Compiler Design

Intermediate Code Generation


Intermediate Code Generation

Intermediate code is a representation between the high-level source language and low-level target machine code. The compiler translates source code into this form before generating final machine code.

  • Machine Independence: Enforces a clean separation between the front-end (source-dependent) and back-end (machine-dependent) of the compiler.
  • Code Optimization: Facilitates machine-independent code optimization before final code generation.
  • Retargeting: Makes it easier to retarget the compiler to new machines by just changing the back-end.
  • Simplicity: Intermediate forms are simpler to optimize than complex high-level source code or rigid machine code.

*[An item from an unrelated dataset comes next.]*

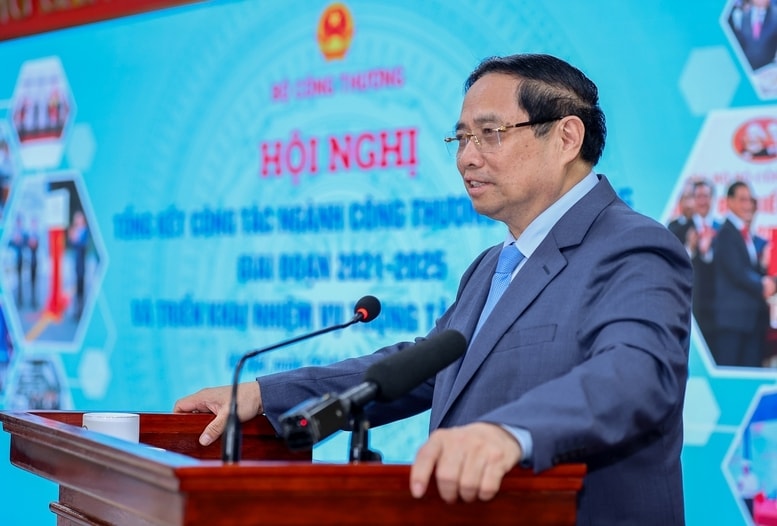 Thủ tướng: Ngành công thương đã trưởng thành hơn trong 5 năm qua - Ảnh: VGP/Nhật Bắc Thủ tướng: Ngành công thương đã trưởng thành hơn trong 5 năm qua - Ảnh: VGP/Nhật Bắc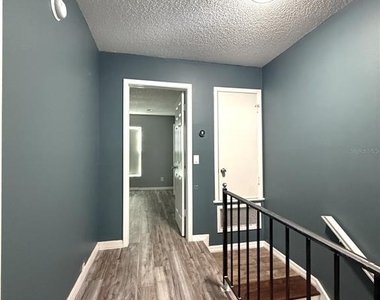 16335 Rambling Vine Drive W - Photo Thumbnail 11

Forms of Intermediate Code

In Three-Address Code, each instruction has at most ONE operator on the right-hand side, and it references at most three addresses (two operands and one result).

Common Representations:

  • Quadruples: A table with 4 fields: Operator, Operand 1, Operand 2, Result.
  • Triples: A table with 3 fields: Operator, Operand 1, Operand 2. Results are implicitly referred to by the line number where they are computed.
  • Indirect Triples: Uses a separate table of pointers to triples, making optimizations (like moving instructions) easier.

In postfix notation (or Reverse Polish Notation), operators follow their operands. The main advantage is that no parentheses are needed to dictate the order of operations, as the order is unambiguous.

Example:

Infix:   a + b * c
Postfix: a b c * +

Abstract Syntax Tree (AST): A tree representation where internal nodes are operators and leaf nodes are operands.

Directed Acyclic Graph (DAG): A more compact version of an AST where common subexpressions are shared. Each subexpression has only ONE node, even if it appears multiple times in the expression.

FeatureASTDAG
Node duplicationDuplicates nodes for repeated subexpressions.Shares nodes for repeated subexpressions.
Memory efficiencyLess efficient (larger size).More efficient (compact representation).